Saved data entries
########
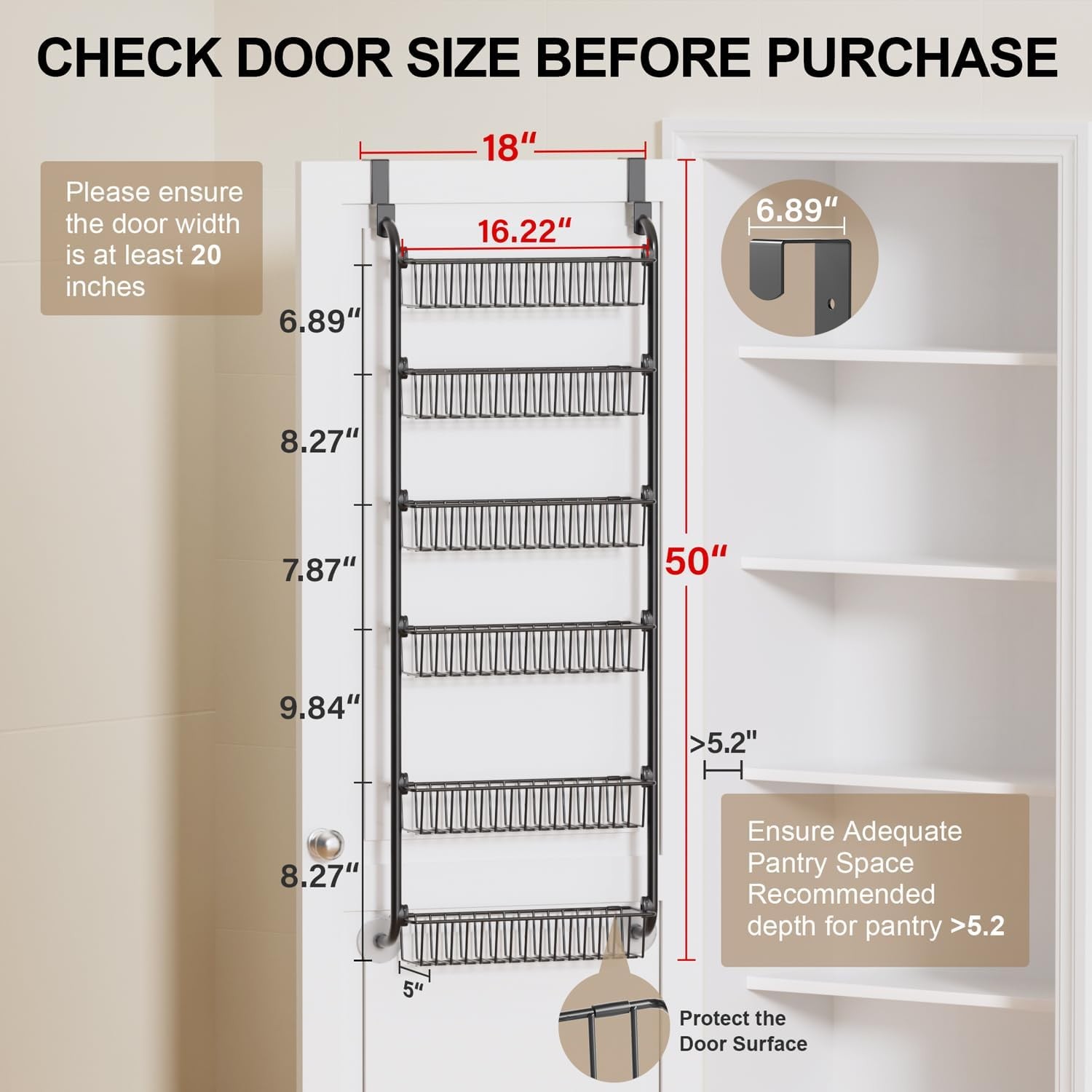 Delamu Over the Door Pantry Organizer 6-Tier, Metal Hanging Door Storage Spice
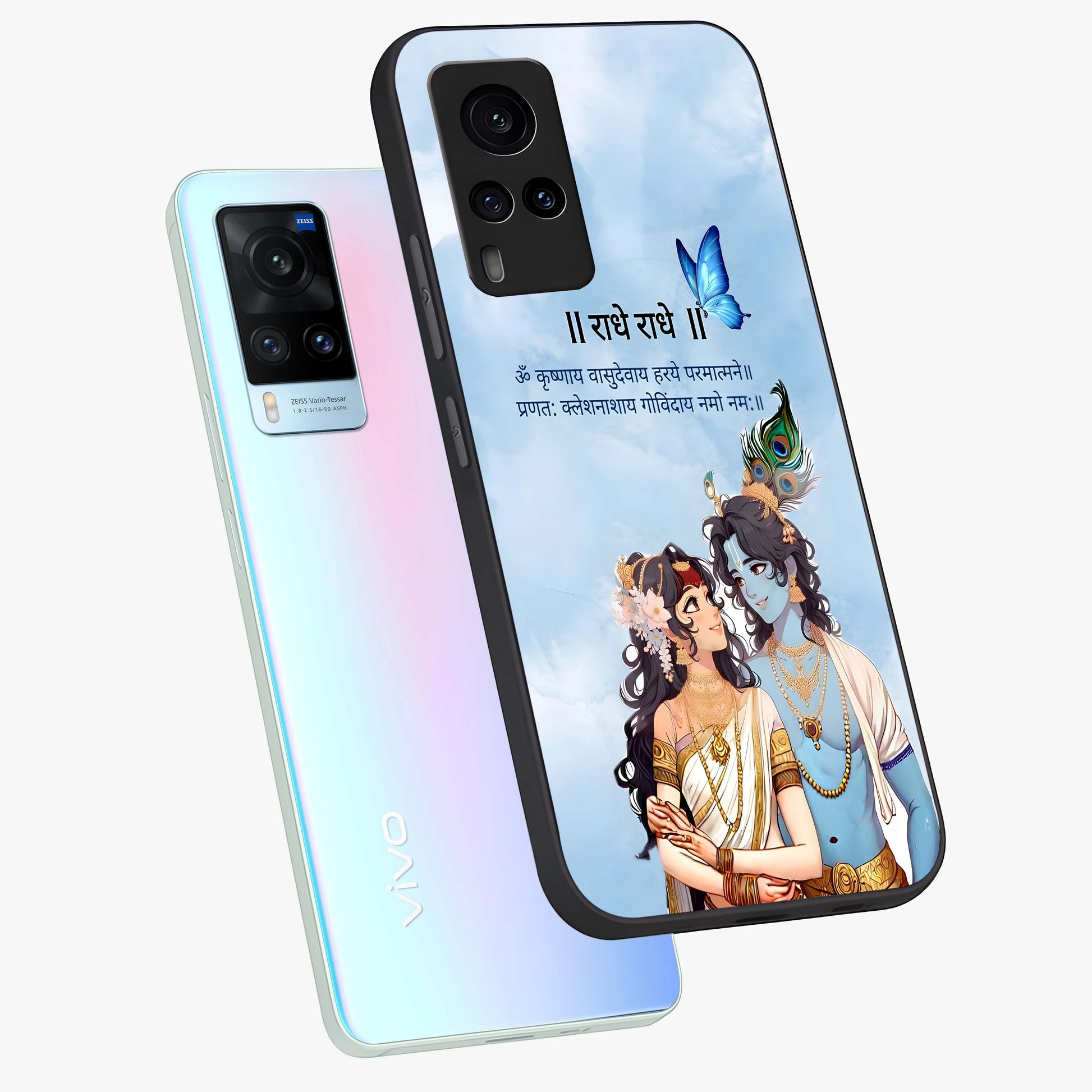 Radha Krishna Eternal Glass Case displayed in angled mockup highlighting divine Radha Krishna illustration with spiritual aesthetic.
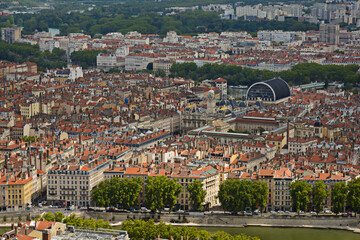 Fototapeta na wymiar District of Les Terreaux at Lyon city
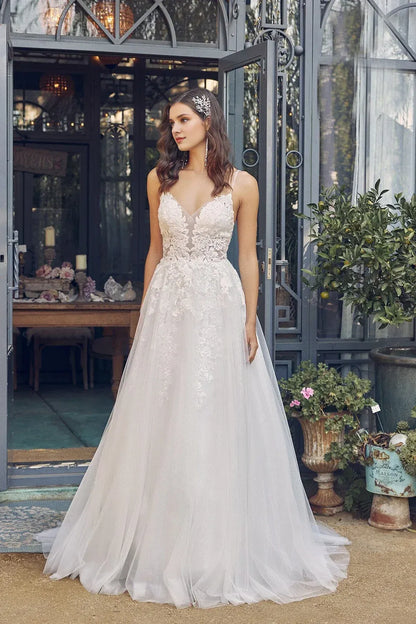 A-Line V-Neck Floor-Length Wedding Dress - Yihuiw by Yihuiw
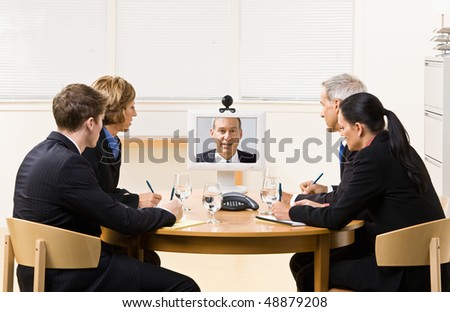 Business people in video meeting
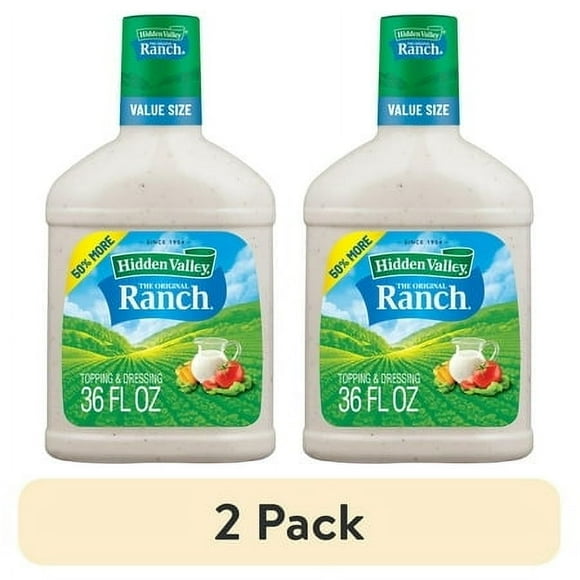 (2 pack) Hidden Valley Gluten Free Keto-Friendly Original Ranch Salad Dressing and Topping, 36 fl oz Bottle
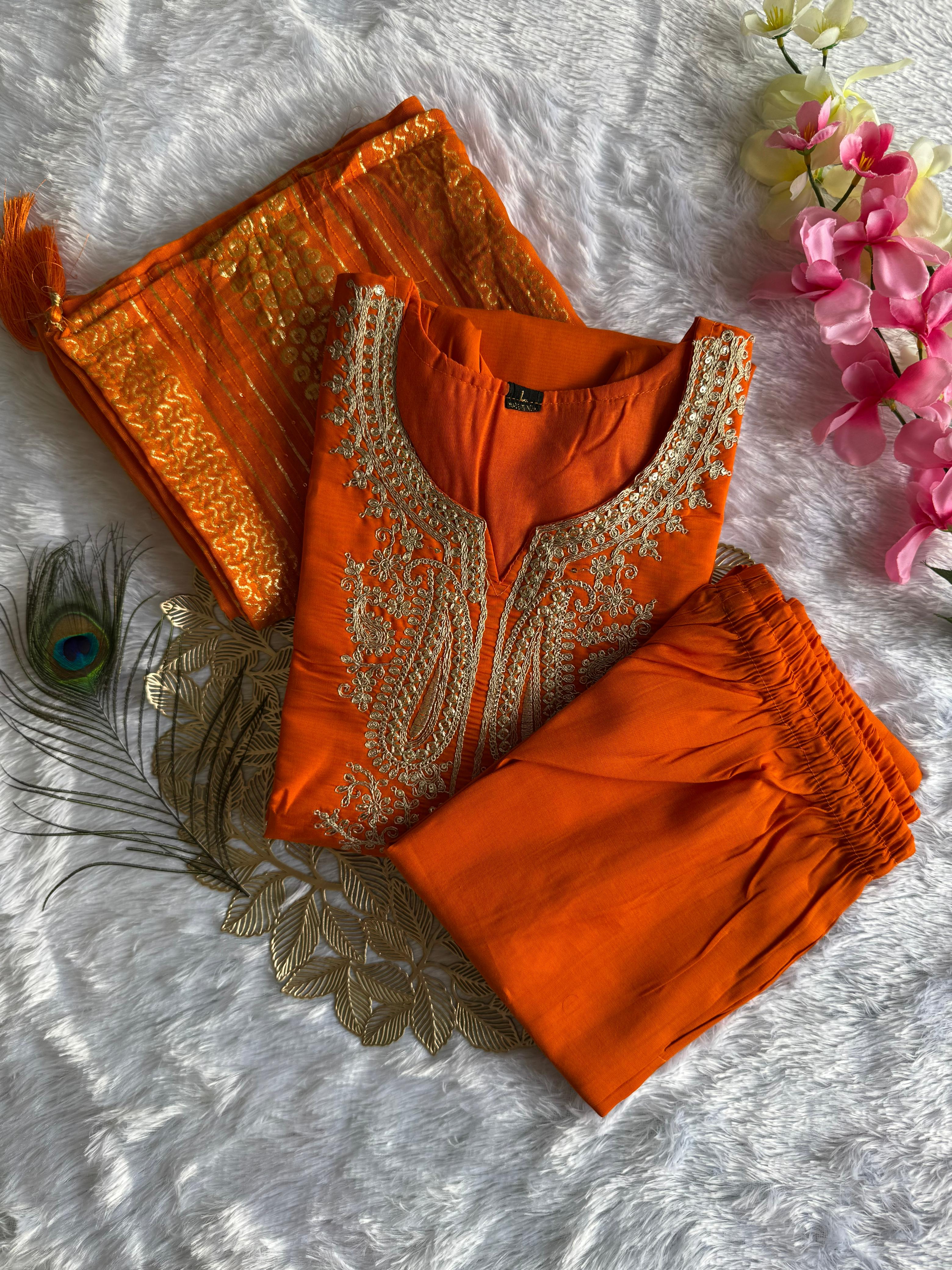 Orange Roman Silk Kurta Set with Embroidery & Sequins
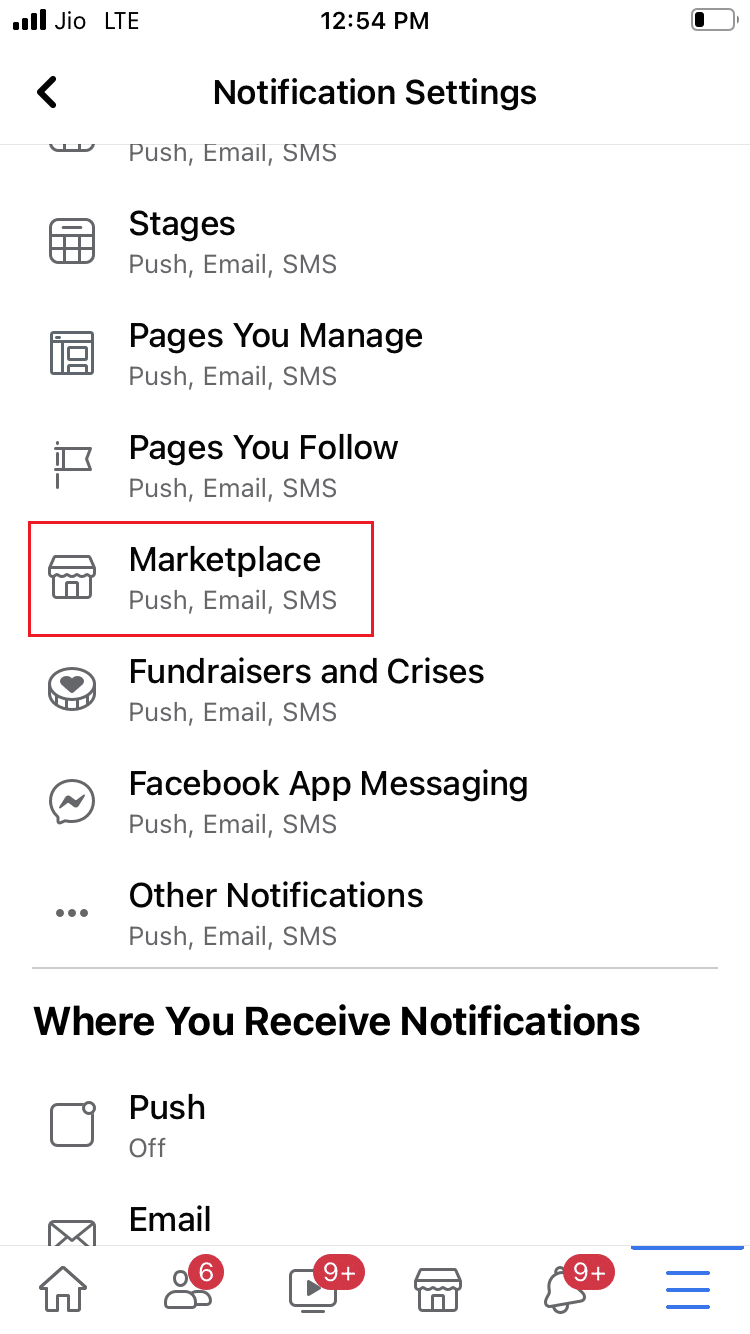 tocca l'opzione Marketplace nelle impostazioni di notifica nell'app Facebook per iOS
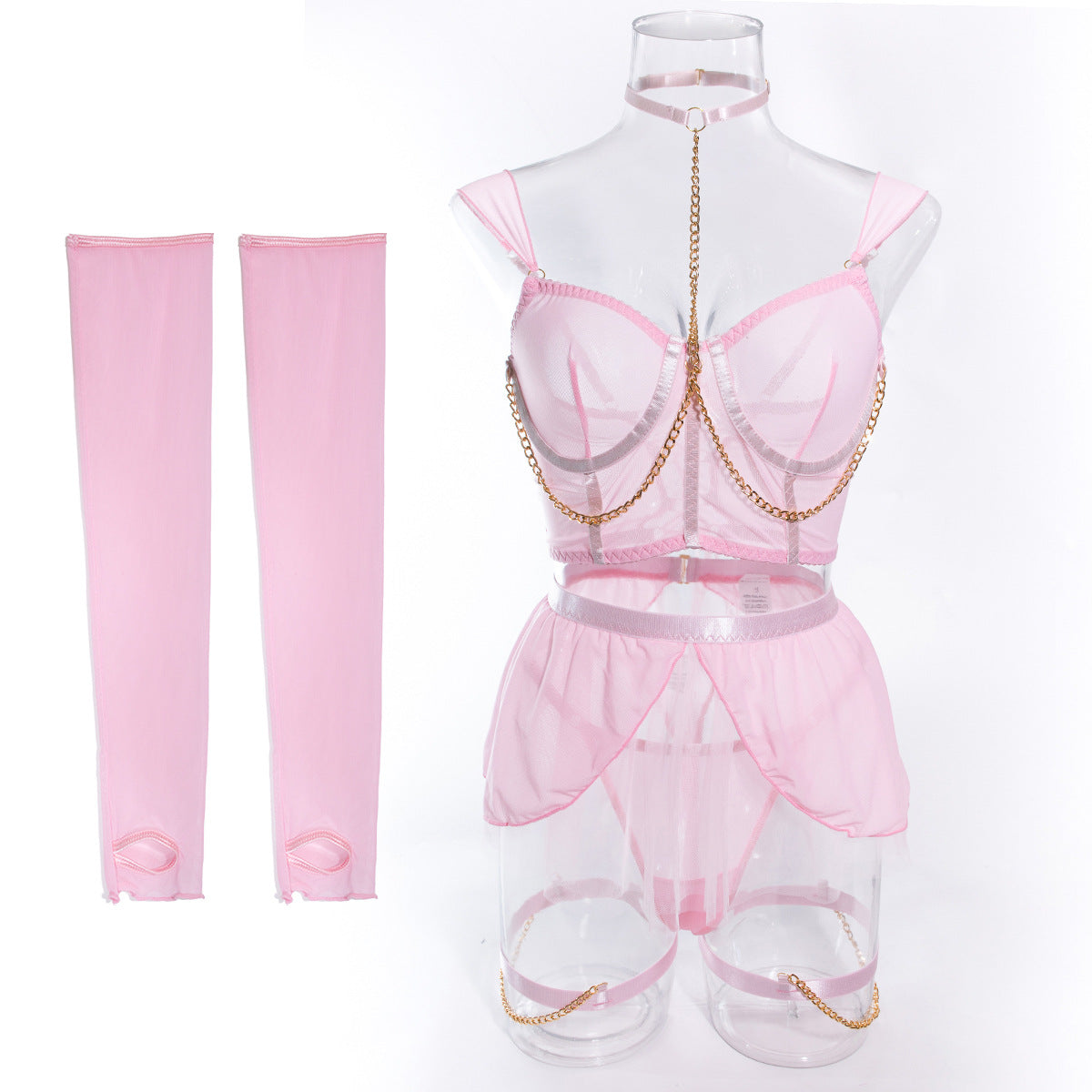 Pink Corset Top with Mesh Sleeves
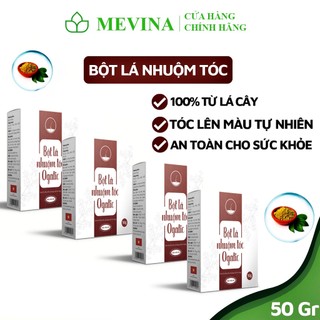 [Combo 4 Hộp] Thuốc Nhuộm Tóc Nâu Đỏ Ogatic 50g, Bột Lá Phủ Bạc Tự Nhiên,  Thảo Dược, Không Hoá Chất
########
• [Requirement]:
What is needed is a word-for-word restatement of the entries, minus any pictures.

• [Finished exercise]:
 Delamu Over the Door Pantry Organizer 6-Tier, Metal Hanging Door Storage Spice
 Radha Krishna Eternal Glass Case displayed in angled mockup highlighting divine Radha Krishna illustration with spiritual aesthetic.
 Fototapeta na wymiar District of Les Terreaux at Lyon city
 A-Line V-Neck Floor-Length Wedding Dress - Yihuiw by Yihuiw
 Business people in video meeting
 (2 pack) Hidden Valley Gluten Free Keto-Friendly Original Ranch Salad Dressing and Topping, 36 fl oz Bottle
 Orange Roman Silk Kurta Set with Embroidery & Sequins
 tocca l'opzione Marketplace nelle impostazioni di notifica nell'app Facebook per iOS
 Pink Corset Top with Mesh Sleeves
 [Combo 4 Hộp] Thuốc Nhuộm Tóc Nâu Đỏ Ogatic 50g, Bột Lá Phủ Bạc Tự Nhiên,  Thảo Dược, Không Hoá Chất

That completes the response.